25 years ago: County commissioners split on pay cut

From the Lawrence Daily Journal-World for Jan. 19, 1989:

  • Douglas County Commissioners this week were considering taking a voluntary pay cut that would reduce their salary by more than 20 percent. Commission chair Mike Amyx had brought the issue up for discussion at a previous meeting, saying that the number of hours worked by commissioners didn’t justify the current salary of $19,188. Commissioner Louie McElhaney protested the cut, saying he put in enough hours to justify the current salary. Commissioner Nancy Hiebert said she was willing to consider the cut but needed more information before making her decision.

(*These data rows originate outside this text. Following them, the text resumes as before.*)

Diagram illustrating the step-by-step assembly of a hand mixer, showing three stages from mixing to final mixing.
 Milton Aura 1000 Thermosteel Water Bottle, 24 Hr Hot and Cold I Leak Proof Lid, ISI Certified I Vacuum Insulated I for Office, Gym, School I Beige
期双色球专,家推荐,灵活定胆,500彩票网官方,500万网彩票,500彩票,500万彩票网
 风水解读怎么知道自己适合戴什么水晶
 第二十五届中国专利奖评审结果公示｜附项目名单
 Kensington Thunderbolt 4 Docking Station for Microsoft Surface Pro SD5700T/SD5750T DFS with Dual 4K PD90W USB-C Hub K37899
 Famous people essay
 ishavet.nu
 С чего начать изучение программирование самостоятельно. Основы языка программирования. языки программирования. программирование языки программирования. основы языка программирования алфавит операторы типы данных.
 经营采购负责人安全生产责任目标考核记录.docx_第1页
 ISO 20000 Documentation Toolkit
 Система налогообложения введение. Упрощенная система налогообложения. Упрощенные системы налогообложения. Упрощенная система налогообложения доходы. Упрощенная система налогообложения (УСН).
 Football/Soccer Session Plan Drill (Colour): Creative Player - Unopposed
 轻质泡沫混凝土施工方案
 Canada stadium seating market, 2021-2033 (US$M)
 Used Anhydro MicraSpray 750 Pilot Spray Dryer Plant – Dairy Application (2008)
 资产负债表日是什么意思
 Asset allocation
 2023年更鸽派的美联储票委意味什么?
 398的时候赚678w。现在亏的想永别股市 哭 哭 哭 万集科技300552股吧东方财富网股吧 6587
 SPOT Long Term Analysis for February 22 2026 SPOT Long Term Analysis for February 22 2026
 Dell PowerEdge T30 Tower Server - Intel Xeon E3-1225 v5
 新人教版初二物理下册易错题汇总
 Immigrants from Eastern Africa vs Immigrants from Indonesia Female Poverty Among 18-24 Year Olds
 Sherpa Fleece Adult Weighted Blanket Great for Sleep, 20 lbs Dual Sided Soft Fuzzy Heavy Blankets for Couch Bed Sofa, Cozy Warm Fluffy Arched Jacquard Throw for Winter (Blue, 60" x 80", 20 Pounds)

At her request, county staff was preparing a report on commissioners’ salaries in other counties.
  • Kansas University Chancellor Gene Budig, responding to recent anti-Semitic vandalism on campus, issued a statement today decrying such acts of bigotry. “The University of Kansas is a community of scholars,” Budig said. “There is no place here for bigotry, intolerance, anti-Semitism, racism or sexual discrimination. Nor is there any place for harassment, either verbal or physical, of those from whom we differ.” The University Senate Executive Committee also issued a statement deploring the recent acts, in which a swastika had been scratched into the office doors of two professors. “Efforts to oppose prejudice and intolerance will not be intimidated by cowardly vandalism,” the committee’s statement read.